Line by line, repeat the material below exactly and skip the images.

■ DATASET EXCERPT
- - -
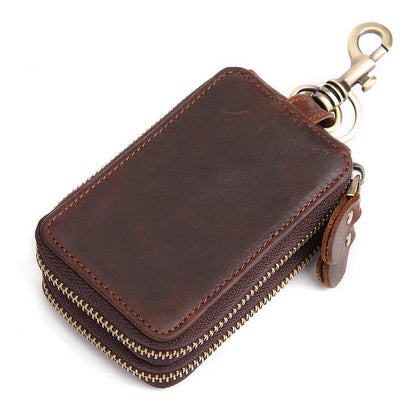 Genuine Leather Double Zipper Housekeeper Crazy Horse Cowhide Holder Multi Covers Hook chain Unisex Car Key Bag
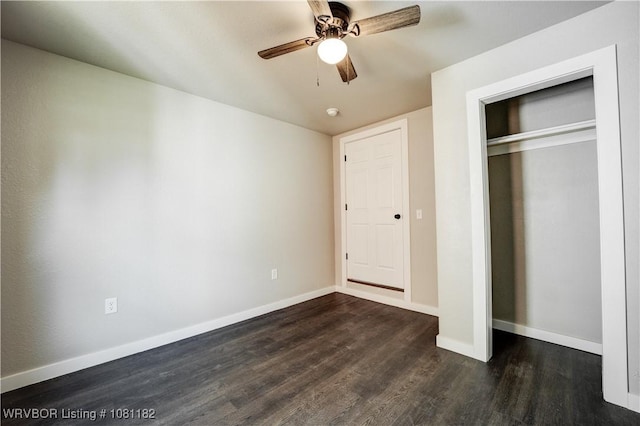 3614 Blair Ave, Fort Smith, AR 70903 - unfurnished bedroom featuring dark wood-style floors, baseboards, a closet, and ceiling fan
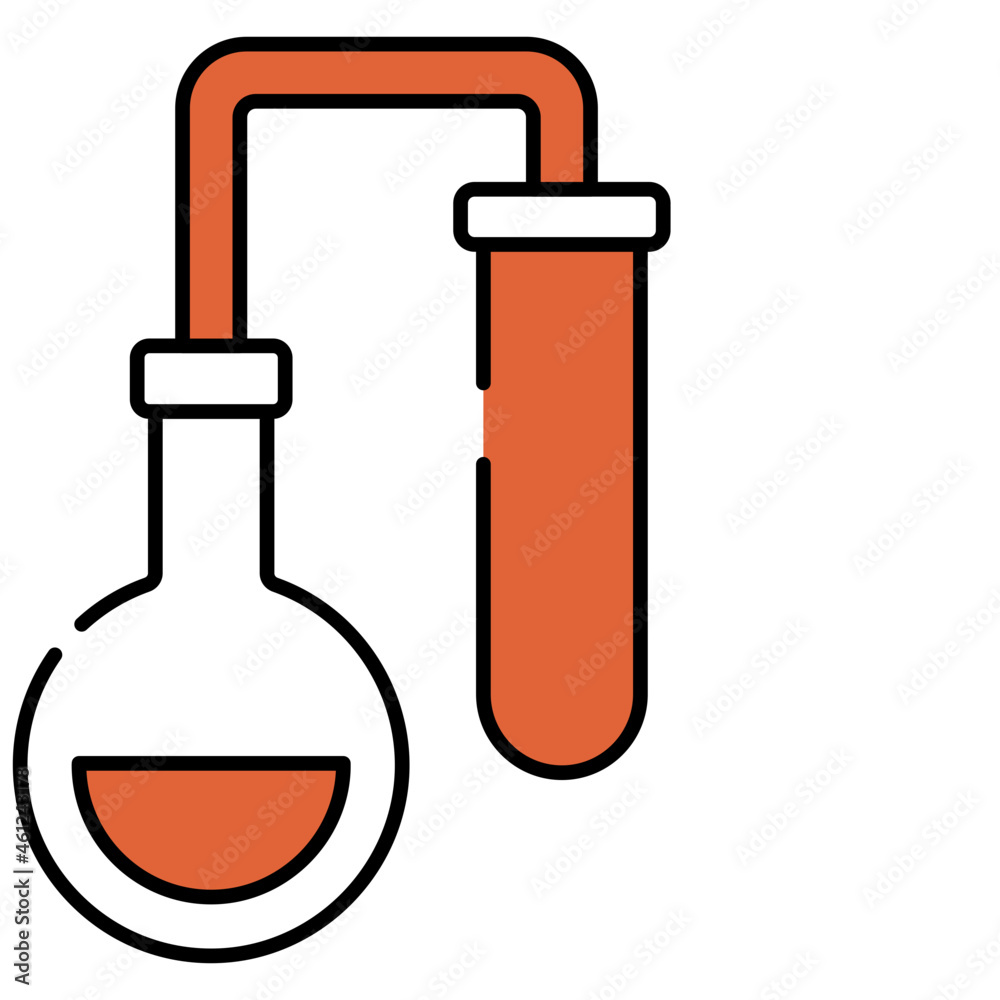 Chemical flask with test tube icon in flat design, chemical experiment concept vector Chemical flask with test tube icon in flat design, chemical experiment concept vector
- - -
■ OUTPUT FOR THIS TASK
 Genuine Leather Double Zipper Housekeeper Crazy Horse Cowhide Holder Multi Covers Hook chain Unisex Car Key Bag
 3614 Blair Ave, Fort Smith, AR 70903 - unfurnished bedroom featuring dark wood-style floors, baseboards, a closet, and ceiling fan
 Chemical flask with test tube icon in flat design, chemical experiment concept vector Chemical flask with test tube icon in flat design, chemical experiment concept vector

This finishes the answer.